> **Caption-style text data**:
----------

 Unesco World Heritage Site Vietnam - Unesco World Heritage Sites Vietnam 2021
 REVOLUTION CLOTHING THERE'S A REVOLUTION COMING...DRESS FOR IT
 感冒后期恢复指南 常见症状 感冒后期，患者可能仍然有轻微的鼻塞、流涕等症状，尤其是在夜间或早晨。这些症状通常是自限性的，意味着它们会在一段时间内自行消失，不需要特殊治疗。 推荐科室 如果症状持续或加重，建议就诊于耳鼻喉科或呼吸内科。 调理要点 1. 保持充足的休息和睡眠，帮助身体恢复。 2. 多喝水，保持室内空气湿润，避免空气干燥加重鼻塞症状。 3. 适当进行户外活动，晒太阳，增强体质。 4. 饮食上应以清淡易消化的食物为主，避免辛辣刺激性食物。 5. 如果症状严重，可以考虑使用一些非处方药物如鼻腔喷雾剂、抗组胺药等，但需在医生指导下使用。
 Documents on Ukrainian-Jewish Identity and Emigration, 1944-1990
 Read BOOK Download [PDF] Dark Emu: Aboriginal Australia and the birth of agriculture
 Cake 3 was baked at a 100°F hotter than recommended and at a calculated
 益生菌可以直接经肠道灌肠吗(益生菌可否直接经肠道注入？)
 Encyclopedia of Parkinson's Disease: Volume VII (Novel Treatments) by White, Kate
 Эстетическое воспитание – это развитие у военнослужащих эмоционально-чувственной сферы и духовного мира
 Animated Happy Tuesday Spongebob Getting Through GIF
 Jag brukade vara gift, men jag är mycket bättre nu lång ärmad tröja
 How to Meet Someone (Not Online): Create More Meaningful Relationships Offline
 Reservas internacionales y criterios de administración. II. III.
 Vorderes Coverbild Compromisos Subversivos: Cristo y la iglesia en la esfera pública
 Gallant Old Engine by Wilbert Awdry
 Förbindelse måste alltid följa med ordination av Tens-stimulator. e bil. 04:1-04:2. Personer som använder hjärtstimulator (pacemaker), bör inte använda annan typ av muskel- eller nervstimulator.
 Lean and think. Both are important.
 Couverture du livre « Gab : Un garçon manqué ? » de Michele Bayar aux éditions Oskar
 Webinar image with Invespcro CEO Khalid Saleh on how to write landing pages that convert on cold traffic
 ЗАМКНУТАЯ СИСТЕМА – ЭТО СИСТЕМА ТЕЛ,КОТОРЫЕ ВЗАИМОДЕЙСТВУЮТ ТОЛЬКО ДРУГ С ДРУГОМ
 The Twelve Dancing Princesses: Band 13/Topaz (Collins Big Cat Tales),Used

----------

> **INSTRUCTIONS TO FOLLOW**: Extract exactly the leading lines of the data, stopping at and including the line with "REVOLUTION CLOTHING THERE'S".

> **SOLUTION TO THIS EXERCISE**:
 Unesco World Heritage Site Vietnam - Unesco World Heritage Sites Vietnam 2021
 REVOLUTION CLOTHING THERE'S A REVOLUTION COMING...DRESS FOR IT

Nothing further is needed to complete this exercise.